■ **What is required**:
Set down exactly the lines that run from the line with "tayyor bo’lish." to the end of the data, and nothing else.

BEGIN Extracted material

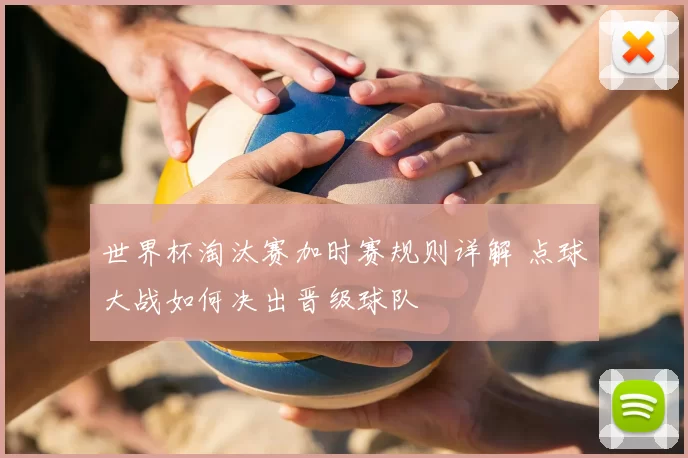 世界杯淘汰赛加时赛规则详解 点球大战如何决出晋级球队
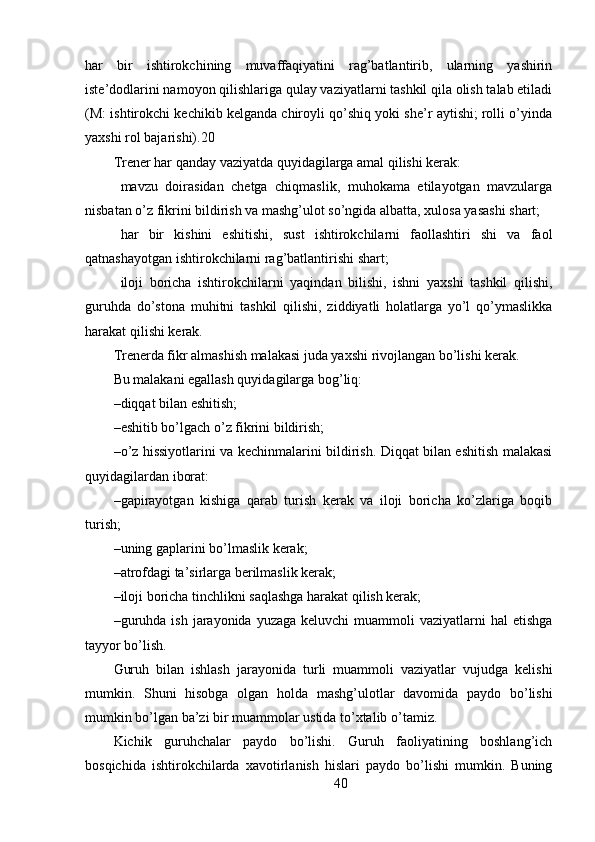 har   bir   ishtirokchining   muvaffaqiyatini   rag’batlantirib,   ularning   yashirin
iste’dodlarini namoyon qilishlariga qulay vaziyatlarni tashkil qila olish talab etiladi
(M: ishtirokchi kechikib kelganda chiroyli qo’shiq yoki she’r aytishi; rolli o’yinda
yaxshi rol bajarishi).20
Trener har qanday vaziyatda quyidagilarga amal qilishi kerak: 
 mavzu   doirasidan   chetga   chiqmaslik,   muhokama   etilayotgan   mavzularga
nisbatan o’z fikrini bildirish va mashg’ulot so’ngida albatta, xulosa yasashi shart;
 har   bir   kishini   eshitishi,   sust   ishtirokchilarni   faollashtiri   shi   va   faol
qatnashayotgan ishtirokchilarni rag’batlantirishi shart;
 iloji   boricha   ishtirokchilarni   yaqindan   bilishi,   ishni   yaxshi   tashkil   qilishi,
guruhda   do’stona   muhitni   tashkil   qilishi,   ziddiyatli   holatlarga   yo’l   qo’ymaslikka
harakat qilishi kerak.
Trenerda fikr almashish malakasi juda yaxshi rivojlangan bo’lishi kerak.
Bu malakani egallash quyidagilarga bog’liq:
– diqqat bilan eshitish;
– eshitib bo’lgach o’z fikrini bildirish;
– o’z hissiyotlarini va kechinmalarini bildirish. Diqqat bilan eshitish malakasi
quyidagilardan iborat:
– gapirayotgan   kishiga   qarab   turish   kerak   va   iloji   boricha   ko’zlariga   boqib
turish;
– uning gaplarini bo’lmaslik kerak;
– atrofdagi ta’sirlarga berilmaslik kerak;
– iloji boricha tinchlikni saqlashga harakat qilish kerak;
– guruhda  ish  jarayonida yuzaga  keluvchi  muammoli  vaziyatlarni   hal  etishga
tayyor bo’lish.
Guruh   bilan   ishlash   jarayonida   turli   muammoli   vaziyatlar   vujudga   kelishi
mumkin.   Shuni   hisobga   olgan   holda   mashg’ulotlar   davomida   paydo   bo’lishi
mumkin bo’lgan ba’zi bir muammolar ustida to’xtalib o’tamiz.
Kichik   guruhchalar   paydo   bo’lishi.   Guruh   faoliyatining   boshlang’ich
bosqichida   ishtirokchilarda   xavotirlanish   hislari   paydo   bo’lishi   mumkin.   Buning
40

END Extracted material

■ **Result**:
tayyor bo’lish.
Guruh   bilan   ishlash   jarayonida   turli   muammoli   vaziyatlar   vujudga   kelishi
mumkin.   Shuni   hisobga   olgan   holda   mashg’ulotlar   davomida   paydo   bo’lishi
mumkin bo’lgan ba’zi bir muammolar ustida to’xtalib o’tamiz.
Kichik   guruhchalar   paydo   bo’lishi.   Guruh   faoliyatining   boshlang’ich
bosqichida   ishtirokchilarda   xavotirlanish   hislari   paydo   bo’lishi   mumkin.   Buning
40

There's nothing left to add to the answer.